Whenever I watch a horsie race (which is once a year, in early November, probably obvious due to my reference to the Melbourne Cup as a "horsie race"), I'm reminded of an excellent waste-of-time game invented at the pub whilst I was at university. Lots of things happened at the pub whilst I was at university – in fact, thanks to eight years at art school, I'm now so well versed in the social arts I find it impossible to separate postmodern theory from the phrase "Schooner of VB", and even years later it's hard to smell a beer-soaked pub carpet without thinking of Manet's Olympia.
But I digress. The game, called "Pauper's Punting", was invented at the Rose Shamrock & Thistle in Paddington, at a table populated by scruffy art students with nothing in their pockets but small change and broken up bits of charcoal. The RST was blessed at the time with a generous horsie and doggie betting station, adorned on all sides with numerous televisions, hung from the ceiling like electronic, life-sapping bunches of grapes, each showing a different race. This is the perfect set-up for Pauper's Punting, as one barely has time to divvy up the spoils after one race before another begins, ensuring a cracking pace and plentiful excitement where perhaps very little is otherwise warranted.
Generally speaking, Pauper's Punting should not involve more than six or seven people, as the number of players must not exceed the number of quadrupeds hurling themselves down the racetrack. Each player assigns themselves a number which corresponds to the number of the doggie or horsie in each race. Every player then coughs up a whopping five cents into the kitty (or twenty, or fifty, depending on the number of days since payday, and subject to employment status and inflation). ABSOLUTELY no consideration is given to the animal's bloodline, the condition of the track, or the hilarious puns which can be made from their name. The point of the game, pure and simple, is blind competition. As each race finishes, the player who has assigned themselves the number of the winning beastie takes the kitty.

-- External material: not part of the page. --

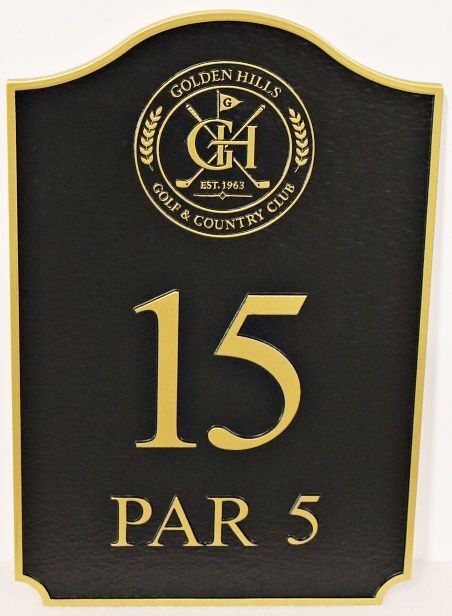 E14435- Carved Golf Course Tee Sign for Hole 15 Par 5 for "Golden Hills Golf & Country Club" with Logo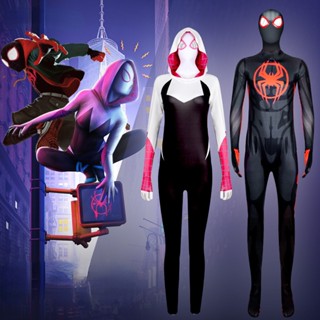 ชุดจั๊มสูท ชุดคอสเพลย์ ซุปเปอร์ฮีโร่ Spider Gwen Stacy Marvel Zentai 3 มิติ สําหรับเด็กผู้หญิง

Deceptively simple, right? Right. Just like the absurd yet undeniable excitement generated from the "pageantry" of the Melbourne Cup each year, this is the best way known to enjoy your time in a racing-obsessed pub, without ever having to understand what a trifecta is or having to line up to pass your card to the bored, heavily-permed sheila at the little betting window. I've seen normally sedate, bespectacled companions reduced to whooping Eliza Doolittles in the blink of an eye, and if you play long enough and with enough conviction, you can take home a good thirteen or fourteen dollars. It's highly (and surprisingly) addictive, without there ever being a chance that you'll lose your shirt or your house. Dignity, sobriety and nice manners are the only things at risk, and who gives a crap about dignity?